何が言いたいのかというと、防衛力は「正面装備」「後方」「教育・訓練」という三本脚がそろってはじめて安定する椅子のようなものなのだ。どれか一つが欠けても椅子はグラグラしてしまう。しかし、自衛隊という椅子は、防衛費1%が形成した組織文化の影響で三脚の長さがそろわずにグラグラしたまま冷戦終結を迎え、現在に至っている。
この問題は、私も強く意識してきた。だから、海上自衛隊の予算を要望する際は、バランスよく配分しようと心がける。たとえば、「正面装備に40%、ロジに30%、教育・訓練に30%」という具合だ。しかし、これが通らない。その元凶がGDP1%枠だ。
![軍事コストの概念](https://president.ismcdn.jp/mwimgs/0/5/1200wm/img_059515da869abac992b60450bda1e4f9293291.jpg)
■正面装備も人件費も減らせないから、弾薬を削る
陸海空自衛隊はそれぞれの予算要望をまとめる。しかし、これを防衛省が財務省に要求する予算として盛り込むかどうかを判断する査定は、背広組の内部部局の仕事だ。背広組はどうしても対GDP比1%に収めなければならないため、査定は厳しいものになる。
【背広組】この護衛艦は来年に回してもいいのではないか
【制服組】それでは困る。計画を達成できなくなってしまう
【背広組】では人件費を減らそう
【制服組】そういうわけにもいかない。定員も決まっているし、人がいなければ艦船は動かせない
【背広組】では何を削るのか。1%枠は守らなければならない。海上自衛隊にだけわがままを許すわけにはいかない
【制服組】……。では仕方がないので弾薬を削ります
非常におおざっぱに再現してみたが、こんな具合で査定は進む。我々は、対GDP比1%枠に合わせて予算をやりくりすることを「枠入れ」と呼んでいた。ここでのポイントは、枠入れの最終的な判断は、制服組に任されているところだ。弾薬がなければ自衛隊は戦えない。そんなことは制服組も背広組もわかっている。

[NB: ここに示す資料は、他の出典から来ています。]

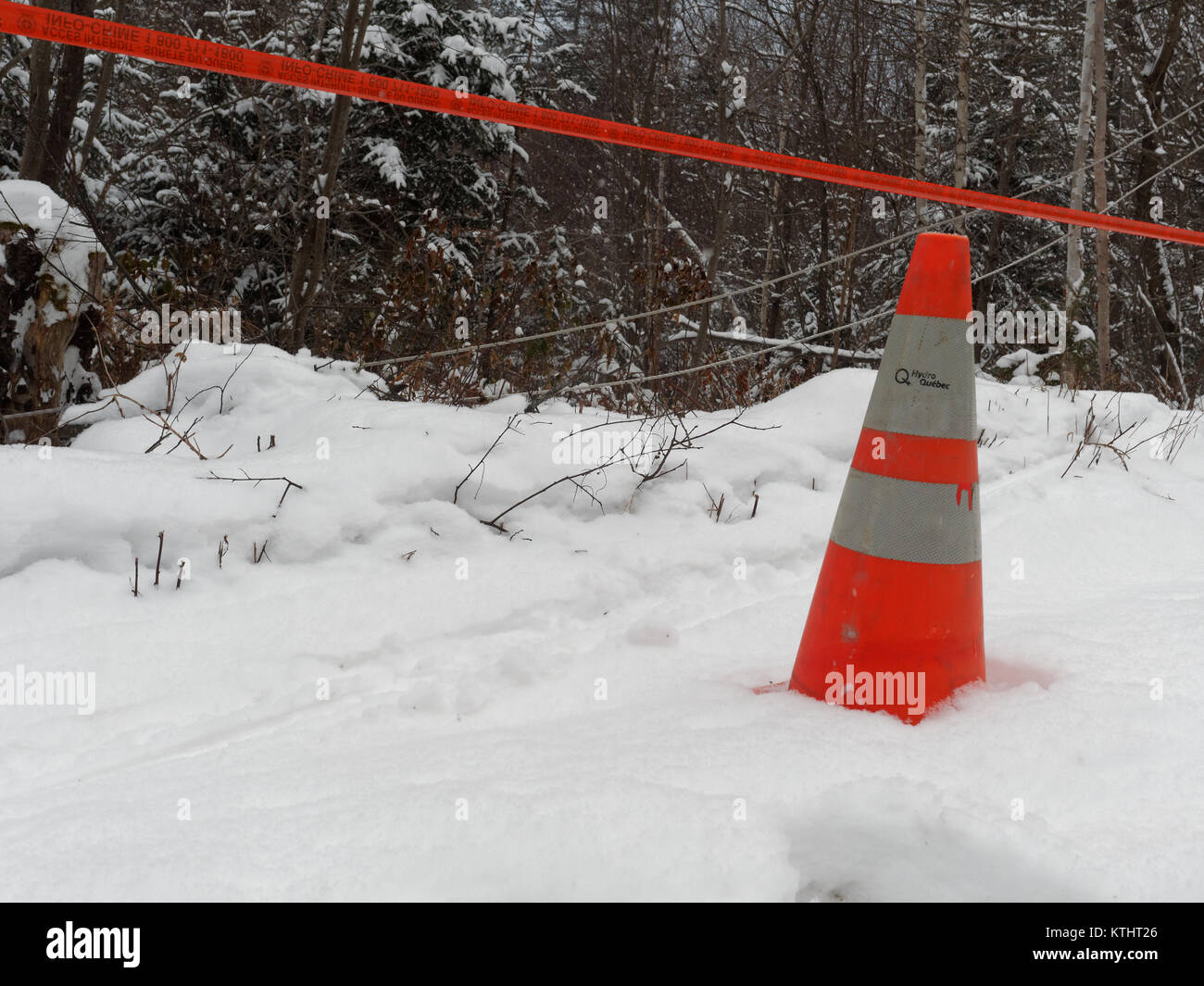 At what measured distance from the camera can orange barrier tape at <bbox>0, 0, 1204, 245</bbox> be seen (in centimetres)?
292

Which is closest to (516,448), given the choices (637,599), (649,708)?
(637,599)

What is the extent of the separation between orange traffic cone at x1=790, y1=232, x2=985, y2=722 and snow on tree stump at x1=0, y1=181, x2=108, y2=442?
3.27 metres

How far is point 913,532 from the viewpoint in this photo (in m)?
2.23

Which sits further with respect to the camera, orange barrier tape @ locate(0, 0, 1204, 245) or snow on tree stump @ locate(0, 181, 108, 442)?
snow on tree stump @ locate(0, 181, 108, 442)

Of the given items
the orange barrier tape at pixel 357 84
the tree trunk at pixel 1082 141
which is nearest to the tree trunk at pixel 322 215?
the orange barrier tape at pixel 357 84

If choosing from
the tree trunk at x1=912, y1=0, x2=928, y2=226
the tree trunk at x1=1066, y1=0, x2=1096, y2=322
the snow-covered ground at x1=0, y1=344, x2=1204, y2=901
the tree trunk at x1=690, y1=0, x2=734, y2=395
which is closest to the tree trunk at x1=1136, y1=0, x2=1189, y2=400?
the tree trunk at x1=1066, y1=0, x2=1096, y2=322

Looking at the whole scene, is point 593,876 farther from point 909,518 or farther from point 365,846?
point 909,518

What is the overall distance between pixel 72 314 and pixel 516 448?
6.87ft

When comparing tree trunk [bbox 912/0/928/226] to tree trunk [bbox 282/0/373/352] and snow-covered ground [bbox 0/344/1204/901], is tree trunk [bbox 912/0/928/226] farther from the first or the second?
snow-covered ground [bbox 0/344/1204/901]

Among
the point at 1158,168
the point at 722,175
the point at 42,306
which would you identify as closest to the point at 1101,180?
the point at 1158,168

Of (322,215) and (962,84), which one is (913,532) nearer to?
(322,215)

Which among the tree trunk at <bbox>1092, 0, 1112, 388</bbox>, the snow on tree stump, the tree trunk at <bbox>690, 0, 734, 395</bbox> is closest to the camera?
the snow on tree stump

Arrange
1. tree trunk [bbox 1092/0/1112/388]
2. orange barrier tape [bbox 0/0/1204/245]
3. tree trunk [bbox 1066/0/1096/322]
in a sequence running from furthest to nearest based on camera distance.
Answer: tree trunk [bbox 1092/0/1112/388], tree trunk [bbox 1066/0/1096/322], orange barrier tape [bbox 0/0/1204/245]

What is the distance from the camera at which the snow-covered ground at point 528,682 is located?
147 cm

■予算枠を守ることが至上命令になり、本末転倒が生まれる
だが、背広組は責任を取りたくない。最終的には「制服組がこれで大丈夫と言っています」と上司、更には政府に報告できるようにもっていきたい。だから、あくまで陸海空自衛隊の制服組による「自主的な判断」という形で落としどころを探るのだ。時代劇でいえば、悪代官がニヤリとしながら「越後屋、おぬしも悪よのう」と言うようなやり口だ。
昔は内局の官僚も、大蔵省の官僚も、戦争を経験した人がそれなりにいた。だから、軍隊の常識をある程度は踏まえた査定を行っていた。ところが、GNP比1%枠ができあがり、これを守ることが至上命令になると、軍隊の事情に理解を示すことも難しくなったのだ。
それならば、制服組が声を大にして弾薬の予算を求めればいいではないか、と思われるかもしれない。だが、それができない。そのからくりは、「防衛計画の大綱」という文書の中に隠されている。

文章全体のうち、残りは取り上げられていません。